┌─ DATA TO USE

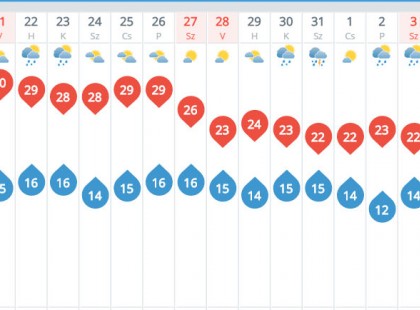 Erre senki sem számított! Ilyen lesz a szeptemberi időjárás!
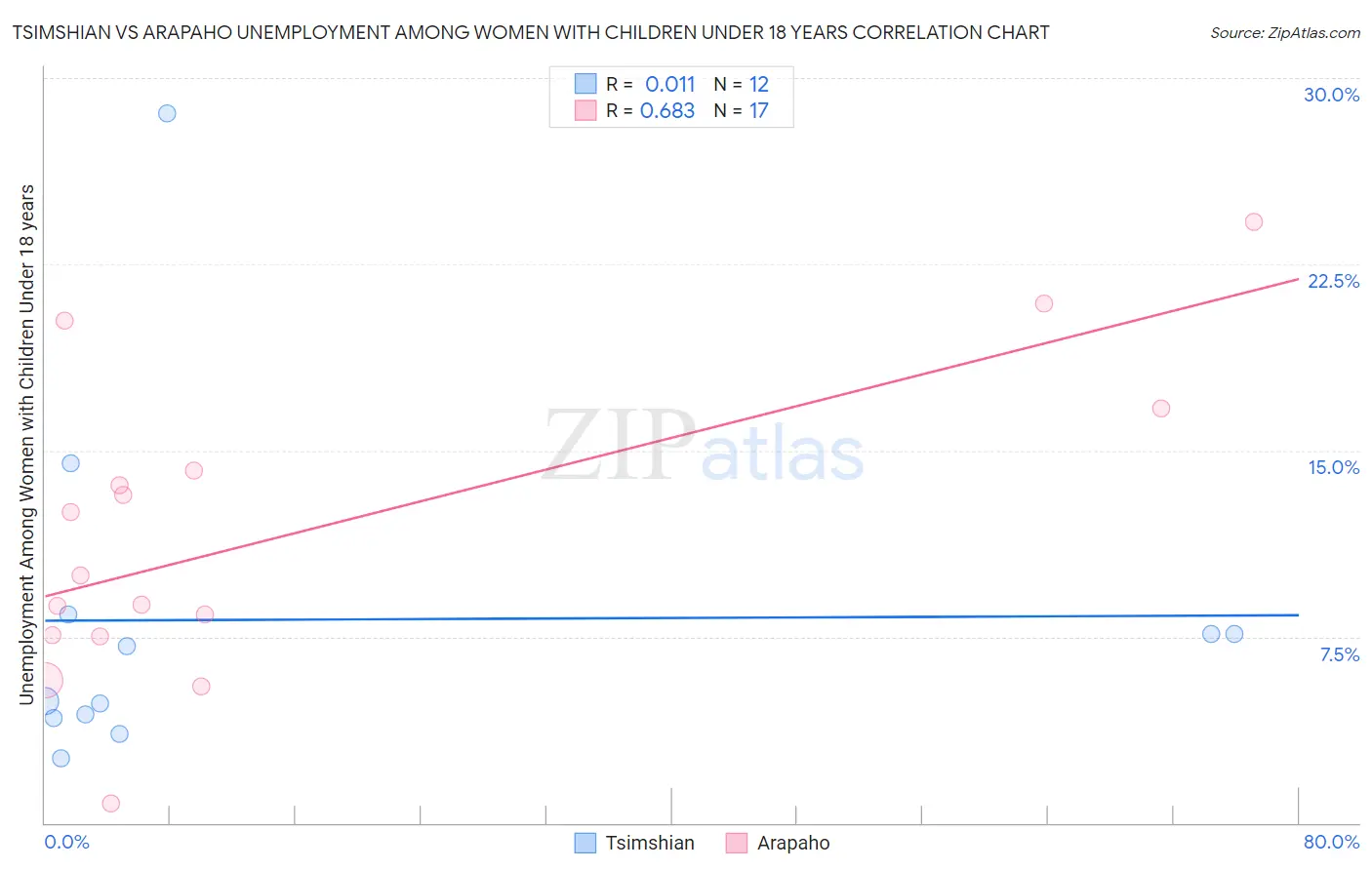 Tsimshian vs Arapaho Unemployment Among Women with Children Under 18 years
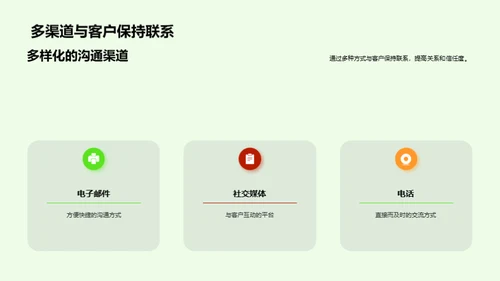 感恩节顾客关怀策略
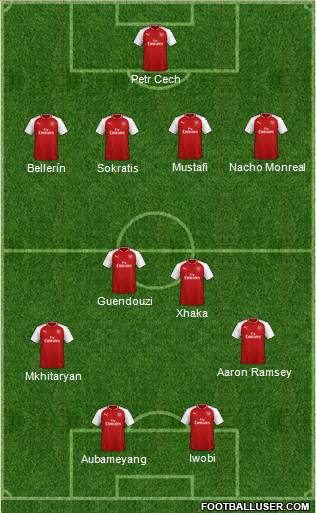 Arsenal Formation 2018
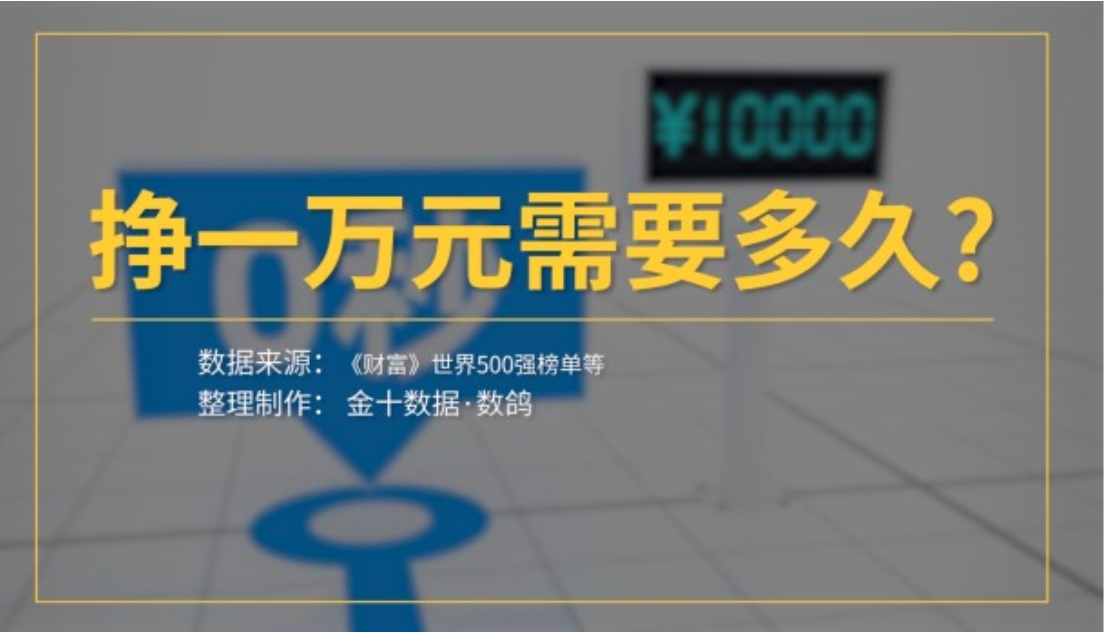 挣1万元需要多久?看看我们跟大公司的差距有多大哔哩哔哩bilibili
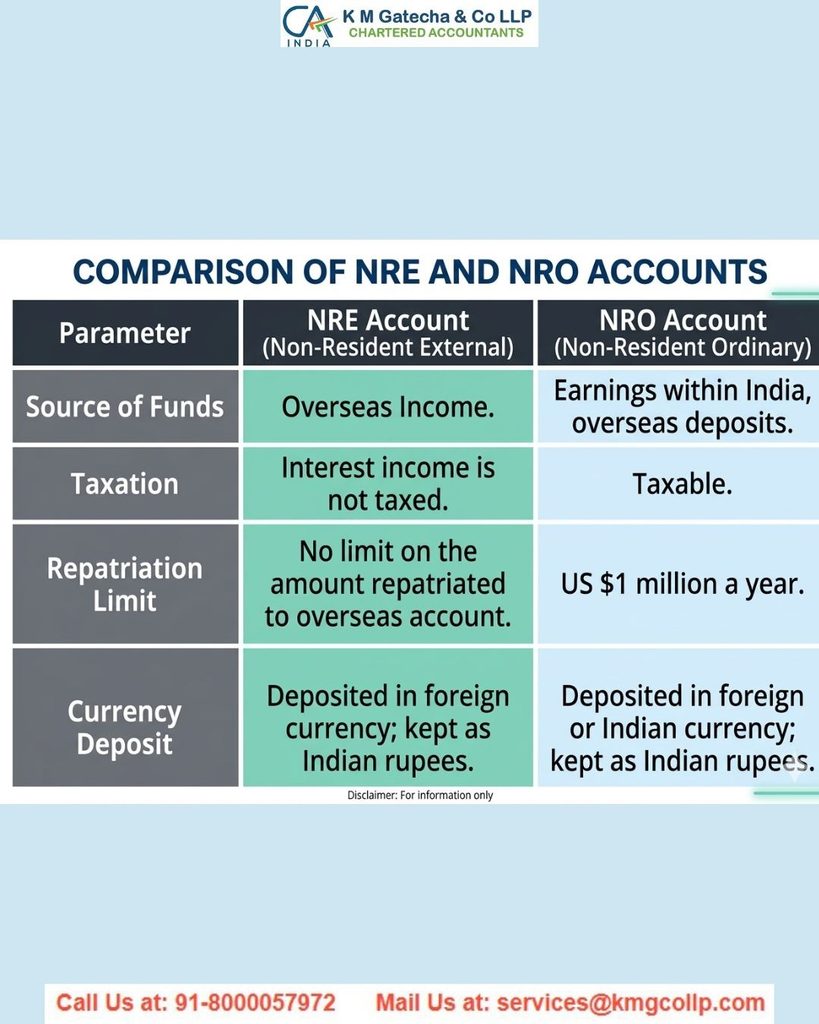 NRE and NRO Account: Meaning, Difference and Taxation NRE and NRO Account: Meaning, Difference and Taxation
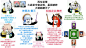 [闲聊杂谈] 这傻屌图居然还有其他版本。 178 P1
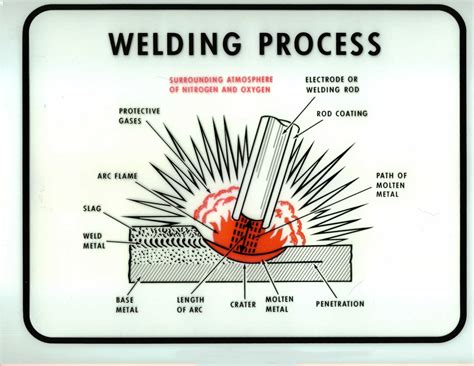 Welding Processes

└─

EXERCISE AIM >>
Only the lines from the one containing "NRE and NRO Account: Meaning, Difference and Taxation NRE" through the final line of the data are to be written out, exactly as they stand and without pictures.

SOLUTION TO THIS TASK >>
 NRE and NRO Account: Meaning, Difference and Taxation NRE and NRO Account: Meaning, Difference and Taxation
 [闲聊杂谈] 这傻屌图居然还有其他版本。 178 P1
 Welding Processes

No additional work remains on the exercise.